I feel pretty out of place when we get there. Dress, heels, stockings, makeup- the works. Becca is (as always) dressed to kill (pun intended). We pick out a target. There were several options - a blue silhouette, an orange silhouette, and a picture of a guy who resembled the uni-bomber. We both go with blue. She tells the man behind the counter "I need to get a box of ammunition" "Yes mam. Do you want the magnums or .38s." he replies, and as cool as if she was asking for the salt to be passed down the table, she says "I'll have the 38s. They don't kicks as bad as the magnums." We put on our protective glasses and earphones and walk into the firing area. In spite of the headphones, I jump several times as I walked past the people firing. The pops were so loud you could feel them. Becca gives me a quick lesson on the gun, loads it and I pop of the first round. The gun kicked back on me, but not nearly as much as I expected. I had an excited rush of adrenaline, and I giggle a little. I cock the gun again and again and fire off each of the 5 remaining rounds. I wasn't counting, so I cock the gun a seventh time, aim and squeeze the trigger - click. I think the fact that the gun didn't fire shocked me more than if it had. I run my target back to me, and six rounds to the chest. A little low and to the left, but still pretty doggoned good for the first time shooting a handgun. Becca takes her turn, and as she is firing Leigh Ann and Amie arrive.

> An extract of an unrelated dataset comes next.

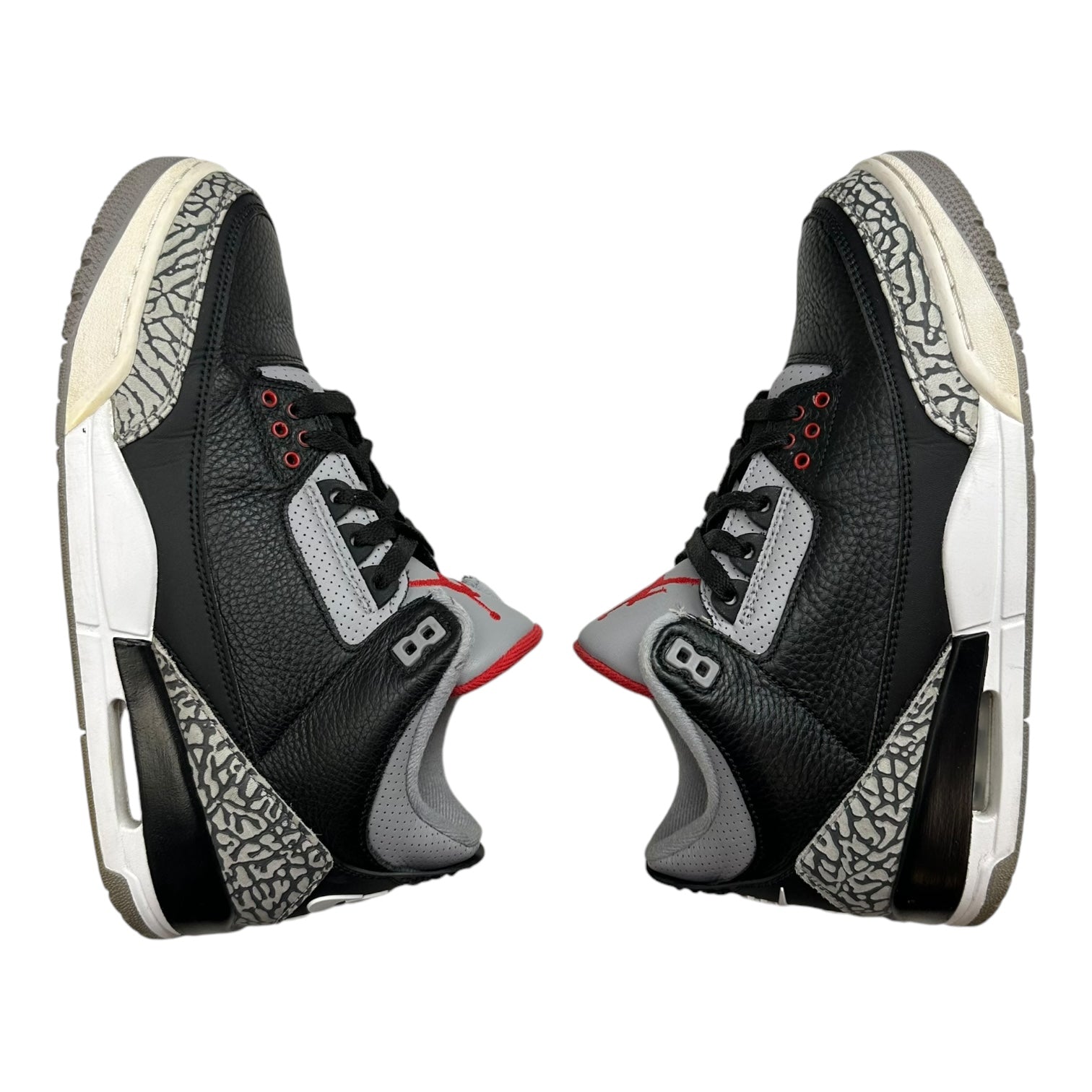 Jordan 3 Retro Black Cement (2018) (Used)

They were both in Becca's "dress code" of sex kitten. We all take turns unloading the gun six rounds at a time. As men walked by, they would stop and talk to us. All of them said "Oh my God! What are you girls shooting?" The four well dressed young professionals were shooting the biggest gun in the place. It was, for lack of a better word, very …. well, sexy.
Before it was over we had gone through two boxes of bullets, and we were all a little breathy. It reminded me of the time in the first grade that Jarrod Cockfield ran around kissing all of the girls on the playground. Every girl reacted the same way "EWW!!" Every girl except for Becca, Amie and me. We chased him down, fussed at him for being an inconsiderate stinky boy, and if I remember correctly, he got a bloody nose. We were strong, independent, empowered non-conformist women well before our time. Leigh Ann, in wonderful big-sister style, taught us well.
I said this all to say, that sometimes release comes in the most unexpected places. Sometimes you have to do WHATEVER it takes to maintain your sanity, There were no candles, and no hot bubble baths Wednesday night. No manicure, or pedicure. It was filled with the smell of gun powder. Tomorrow might just call for some fancy bath salts infused with lemongrass, some yoga, or maybe even some transcendental mediation. The point is, don't feel bad about getting your fear, rage, sadness, or that feeling of overwhelming helplessness out of your system in the way that works best for you in that moment.